The tax increase on the city of Auburn budget could be eliminated; cart recovery fees offered | Politics

AUBURN – The 3.3% property tax increase in the first draft of the Auburn City Budget 2021-22 may be winding down.

After receiving the comments of municipal councilors following the initial budget proposal submitted on 8 April, the municipal controller Rachel Jacobs presented Thursday to the Board a revised proposal that eliminates the tax increase and bridges the gap between spending and expected revenue. The general fund would amount to $ 37 910 312, an increase of 2.8% compared to the current budget. Advisors will give their opinion on the revised proposal next week. The final vote on the budget is scheduled June 3

A budget gap of $ 1.4 million as Jacobs pointed out earlier this month, was filled with a transfer of capital funds, which is filled by federal stimulus funds.
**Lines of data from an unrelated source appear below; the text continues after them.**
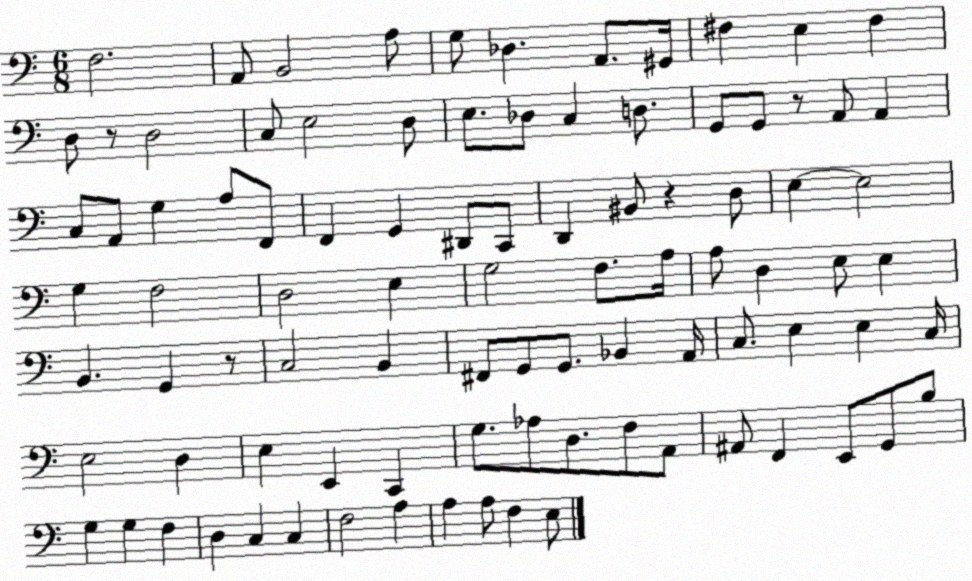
X:1
T:Untitled
M:6/8
L:1/4
K:C
F,2 A,,/2 B,,2 A,/2 G,/2 _D, A,,/2 ^G,,/4 ^F, E, ^F, D,/2 z/2 D,2 C,/2 E,2 D,/2 E,/2 _D,/2 C, D,/2 G,,/2 G,,/2 z/2 A,,/2 A,, C,/2 A,,/2 G, A,/2 F,,/2 F,, G,, ^D,,/2 C,,/2 D,, ^B,,/2 z D,/2 E, E,2 G, F,2 D,2 E, G,2 F,/2 A,/4 A,/2 D, E,/2 E, B,, G,, z/2 C,2 B,, ^F,,/2 G,,/2 G,,/2 _B,, A,,/4 C,/2 E, E, C,/4 E,2 D, E, E,, C,, G,/2 _A,/2 D,/2 F,/2 A,,/2 ^A,,/2 F,, E,,/2 G,,/2 B,/2 G, G, F, D, C, C, F,2 A, A, A,/2 F, E,/2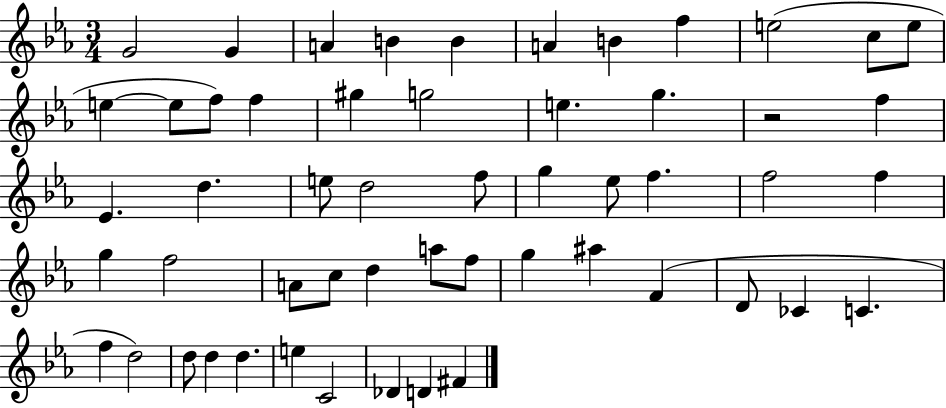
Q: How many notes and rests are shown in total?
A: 54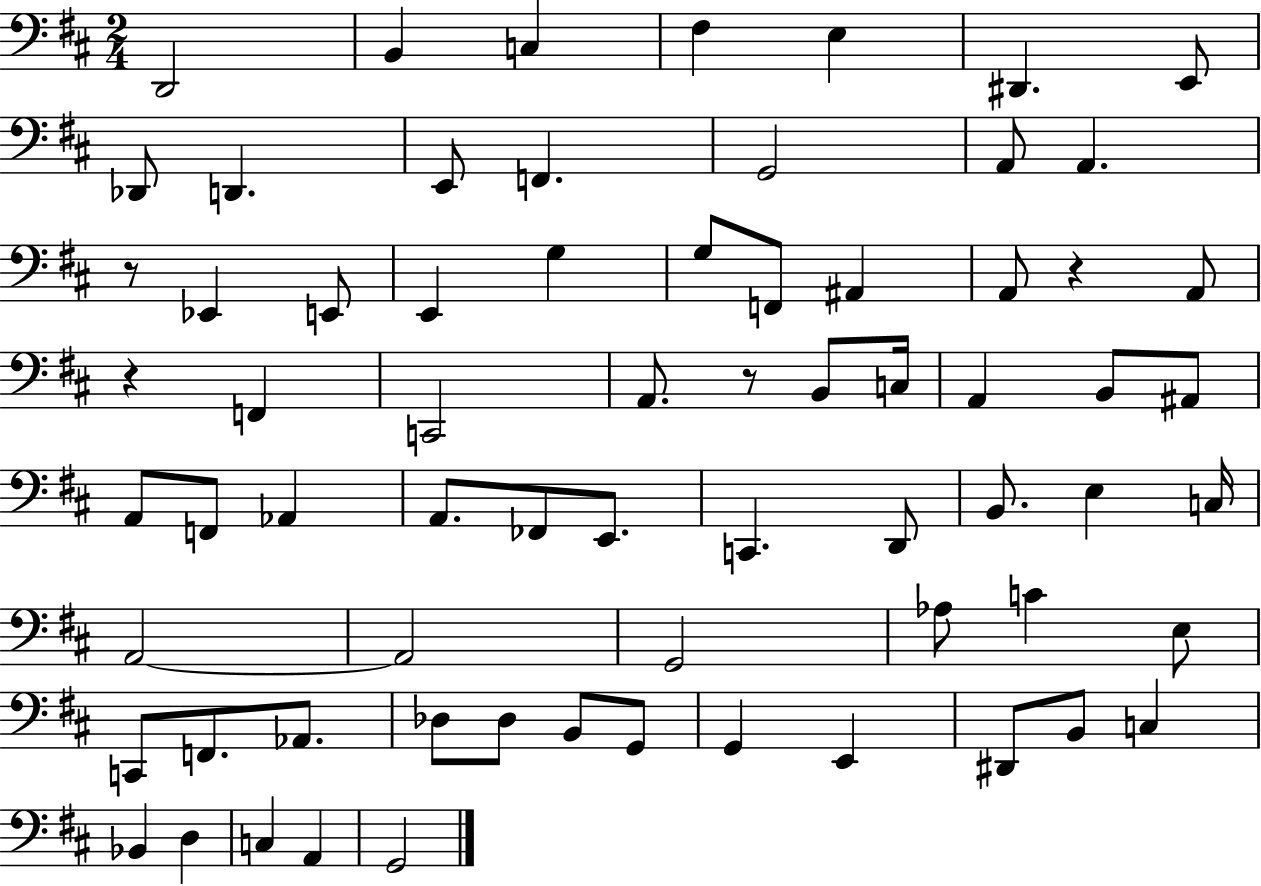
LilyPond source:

{
  \clef bass
  \numericTimeSignature
  \time 2/4
  \key d \major
  d,2 | b,4 c4 | fis4 e4 | dis,4. e,8 | \break des,8 d,4. | e,8 f,4. | g,2 | a,8 a,4. | \break r8 ees,4 e,8 | e,4 g4 | g8 f,8 ais,4 | a,8 r4 a,8 | \break r4 f,4 | c,2 | a,8. r8 b,8 c16 | a,4 b,8 ais,8 | \break a,8 f,8 aes,4 | a,8. fes,8 e,8. | c,4. d,8 | b,8. e4 c16 | \break a,2~~ | a,2 | g,2 | aes8 c'4 e8 | \break c,8 f,8. aes,8. | des8 des8 b,8 g,8 | g,4 e,4 | dis,8 b,8 c4 | \break bes,4 d4 | c4 a,4 | g,2 | \bar "|."
}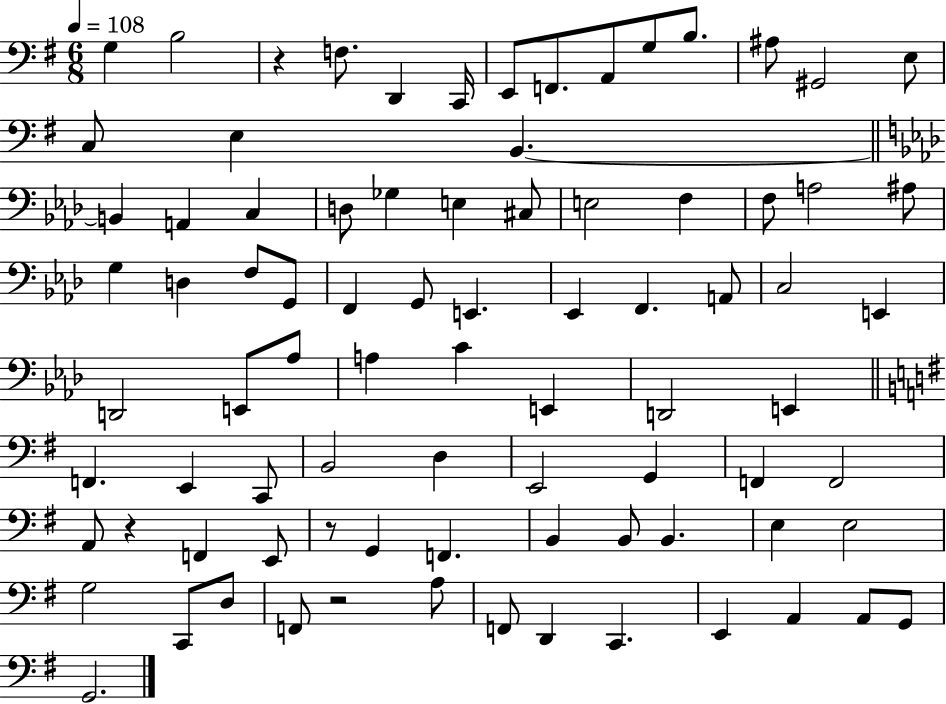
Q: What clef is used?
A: bass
Other income included in the revised budget includes $ 635,000 from FEMA reimbursements related to the COVID-19 pandemic. The total capital fund transfers amount to $ 2.4 million. Jacobs said $ 1 million would basically go to “pay us back” for the purchase of 31 Seminary Street for the Public Safety Building, a project slated for completion later this year. “Two years ago we used the fund balance to buy this, so that would allow us to transfer that money,” she said.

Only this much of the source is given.